Но современники были вполне правы, что именно так поняли поступок Пальмерстона 14 декабря. Только в наиболее заинтересованной стране, в России, не все правильно оценили самый смысл происшедшего изменения в составе английского кабинета и сначала очень оптимистически истолковали его.

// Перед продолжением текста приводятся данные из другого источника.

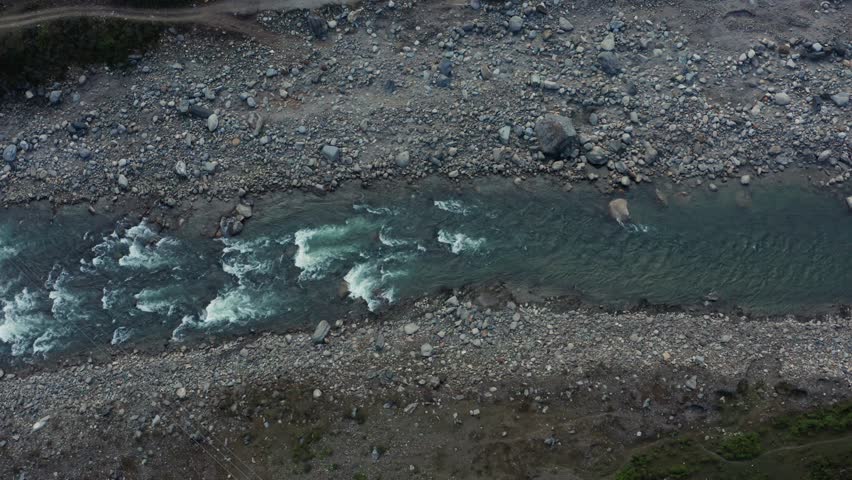 Top-down aerial reveals turquoise Kali River rapids surging through extensive rocky riverbed with grey pebble banks in Pithoragarh Himalayan valley in Uttarakhand, India.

Характерный отклик этого бродившего по обеим русским столицам и шедшего от императорского двора толкования отставки Пальмерстона мы находим в письме московского митрополита Филарета к наместнику Троице-Сергиевой лавры Антонию. Мимоходом скажу, что любопытный вообще документ это письмо. Филарет был очень умен, очень хитер, крайне осторожен, упорный крепостник, черствый, бессердечный православный иезуит, притеснитель низшего духовенства, гонитель раскольников, гонитель всякой мало-мальски живой мысли. Но в одном он был не грешен: не очень он полагался на военную мощь николаевской России и никогда не верил в закидыванье шапками всех супостатов. И изливал он свою душу единственному человеку, о котором он мог думать, что тот на него святейшему синоду не донесет: вот этому троице-сергиевому Антонию. Сообщая Антонию об отставке Пальмерстона, Филарет все же делает умную и проницательную оговорку к казенной оптимистической интерпретации: "После истребления турецкой эскадры все английские газеты возопияли против России. Говорят, что королева потребовала от министров дознания, отчего это... По дознании оказалось, что это по возбуждению от лорда Пальмерстона. Королева, говорят, поблагодарила его за службу и сказала, что не имеет в нем больше нужды. Теперь пишут, что он выходит из министерства... Если это правда - да спасет бог королеву. Но можно опасаться, что Пальмерстон составит сильную оппозицию и низвергнет нынешнее министерство; и тогда может быть последняя горше первых".
То, чего опасался Филарет, уже произошло в Лондоне как раз в те самые дни, когда митрополит московский писал свое письмо, такое фантазерское в начале и такое здравомыслящее в конце: 24 декабря 1853 г. Пальмерстон, согласно просьбе кабинета, снова занял в нем место. Это было совершенно неизбежно.